In this code we parse directly a Uint8Array (or an ArrayBuffer) and the limit is now 4Gb.
Installation
$ npm i arraybuffer-xml-parser
Usage
XML to JSON
import { parse } from 'arraybuffer-xml-parser';
// in order to show an example we will encode the data to get the ArrayBuffer.
const encoder = new TextEncoder();
const xmlData = encoder.encode(
`<rootNode><tag>value</tag><boolean>true</boolean><intTag>045</intTag><floatTag>65.34</floatTag></rootNode>`,
);
const object = parse(xmlData, options);
/*
object = {
rootNode: {
tag: 'value',
boolean: 'true',
intTag: '045',
floatTag: '65.34',
},
}
*/Options
| Option | Description | Default value |
|---|---|---|
| trimValues | trim string values of an attribute or node | true |
| attributeNamePrefix | prepend given string to attribute name for identification | '$' |
| attributesNodeName | (Valid name) Group all the attributes as properties of given name. | false |
| ignoreAttributes | Ignore attributes to be parsed. | false |
| ignoreNameSpace | Remove namespace string from tag and attribute names. | false |
| allowBooleanAttributes | a tag can have attributes without any value | false |
| textNodeName | Name of the property containing text nodes | '#text' |
| dynamicTypingAttributeValue | Parse the value of an attribute to float, integer, or boolean. | true |
| dynamicTypingNodeValue | Parse the value of text node to float, integer, or boolean. | true |
| cdataTagName | If specified, parser parse CDATA as nested tag instead of adding it's value to parent tag. | false |
| arrayMode | When false, a tag with single occurrence is parsed as an object but as an array in case of multiple occurences.

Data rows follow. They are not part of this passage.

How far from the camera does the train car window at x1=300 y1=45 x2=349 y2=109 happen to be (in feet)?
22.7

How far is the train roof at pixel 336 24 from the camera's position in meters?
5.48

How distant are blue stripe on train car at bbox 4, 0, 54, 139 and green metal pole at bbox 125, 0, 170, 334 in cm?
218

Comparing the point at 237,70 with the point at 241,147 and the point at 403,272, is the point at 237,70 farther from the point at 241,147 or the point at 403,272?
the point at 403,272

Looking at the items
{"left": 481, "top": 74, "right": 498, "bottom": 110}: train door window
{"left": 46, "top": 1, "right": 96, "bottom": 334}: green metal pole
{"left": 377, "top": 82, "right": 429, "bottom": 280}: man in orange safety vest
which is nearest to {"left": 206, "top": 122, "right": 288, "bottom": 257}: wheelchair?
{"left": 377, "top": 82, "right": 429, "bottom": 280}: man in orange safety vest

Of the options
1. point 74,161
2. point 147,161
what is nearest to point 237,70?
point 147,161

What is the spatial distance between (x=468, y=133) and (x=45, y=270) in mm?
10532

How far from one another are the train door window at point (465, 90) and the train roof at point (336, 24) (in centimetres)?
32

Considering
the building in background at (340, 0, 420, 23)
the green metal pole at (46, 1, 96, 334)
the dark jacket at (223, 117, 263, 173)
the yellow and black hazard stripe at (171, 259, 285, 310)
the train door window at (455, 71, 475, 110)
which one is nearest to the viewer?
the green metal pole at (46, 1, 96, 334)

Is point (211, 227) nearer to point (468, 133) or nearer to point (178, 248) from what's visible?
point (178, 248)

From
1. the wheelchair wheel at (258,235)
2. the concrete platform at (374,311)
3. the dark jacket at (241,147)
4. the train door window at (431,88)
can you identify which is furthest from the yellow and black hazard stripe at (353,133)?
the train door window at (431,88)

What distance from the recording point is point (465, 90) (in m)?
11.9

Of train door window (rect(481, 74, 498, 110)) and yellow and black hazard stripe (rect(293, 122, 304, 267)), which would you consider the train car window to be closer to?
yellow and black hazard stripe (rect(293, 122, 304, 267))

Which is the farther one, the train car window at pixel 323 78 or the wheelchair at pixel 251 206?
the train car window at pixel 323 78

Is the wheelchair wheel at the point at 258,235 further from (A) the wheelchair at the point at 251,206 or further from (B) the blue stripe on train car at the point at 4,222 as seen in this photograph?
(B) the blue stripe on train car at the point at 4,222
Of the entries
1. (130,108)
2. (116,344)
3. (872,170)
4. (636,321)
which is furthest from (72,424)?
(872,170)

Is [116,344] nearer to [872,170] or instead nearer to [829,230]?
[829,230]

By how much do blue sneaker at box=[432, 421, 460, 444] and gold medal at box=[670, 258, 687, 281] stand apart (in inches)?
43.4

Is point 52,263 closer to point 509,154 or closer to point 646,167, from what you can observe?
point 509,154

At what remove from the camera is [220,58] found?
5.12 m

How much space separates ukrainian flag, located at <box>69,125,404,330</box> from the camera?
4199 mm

When true, a tag will be parsed as an array always excluding leaf nodes. When strict, all the tags will be parsed as array only. When instance of RegEx, only tags will be parsed as array that match the regex. When function a tag name is passed to the callback that can be checked. | false |
| tagValueProcessor | Process tag value during transformation. Like HTML decoding, word capitalization, etc. Applicable in case of string only. | (value) => decoder.decode(value).replace(/\r/g, '') |
| attributeValueProcessor | Process attribute value during transformation. Like HTML decoding, word capitalization, etc. | (value) => value |
| stopNodes | an array of tag names which are not required to be parsed. They are kept as Uint8Array. | [] |